Visitors of the ISN conference are offered a unique opportunity: to drive along in a platoon of cooperative cars across the High Tech Campus. These cars will demonstrate platooning (fully automated vehicle following at close range), automatic steering and more complex maneuvers such as splitting and merging.
In the future these systems will ensure not only a reduction in traffic jams but also lower fuel consumption levels and, therefore, cleaner and cheaper driving, shorter journey times, safer driving and extra comfort. One thing is certain: cooperative driving will be a key aspect of future car-driving, part of our everyday lives in years to come.
Good to know: there is only a limited number of seats available.
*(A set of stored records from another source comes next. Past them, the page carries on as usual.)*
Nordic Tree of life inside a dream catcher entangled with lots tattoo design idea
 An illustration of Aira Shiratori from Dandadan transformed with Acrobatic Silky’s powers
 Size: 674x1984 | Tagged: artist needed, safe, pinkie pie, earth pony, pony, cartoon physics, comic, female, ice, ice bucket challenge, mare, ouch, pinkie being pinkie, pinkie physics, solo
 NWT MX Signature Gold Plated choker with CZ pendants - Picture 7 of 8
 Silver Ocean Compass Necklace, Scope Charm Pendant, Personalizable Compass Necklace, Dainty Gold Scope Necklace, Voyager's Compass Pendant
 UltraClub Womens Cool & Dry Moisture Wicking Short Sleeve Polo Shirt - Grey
The Netherlands Organisation for Applied Scientific Research, TNO, is developing a low cost cooperative adaptive cruise control (CACC) technology. CACC allows for very small headway times and hence has the potential to reduce fuel consumption and emissions as well as improving road space utilisation. The CACC technology will be live demonstrated with a test fleet of three Toyota Prius cars in which factory-fitted long-range radar is used together with short-range wireless vehicle-to-vehicle communications (802.11p and ETSI Geonet) and GPS based location, to enable CACC. Control of each of the vehicles is achieved through interaction with the CAN bus in order to manage acceleration and deceleration directly through the hybrid powertrain’s own control system. The CACC control strategy aims to optimise the collective behaviour of participating vehicles in order to safely allow significant reductions in inter-vehicle spacing while providing a comfortable experience for drivers. This includes, for example, the avoidance of oscillations of the ad-hoc platoon and the management of issues of signal degradation and of merging in and out at junctions. At ISN 2014 this advanced system will be live demonstrated with three of TNO’s Prius vehicles equipped with CACC. Also advanced maneuvers like lane change, gap creation and merging are being developed by TNO and will be demonstrated, to show how a fleet of CACC equipped cars can interact in regular traffic circumstances.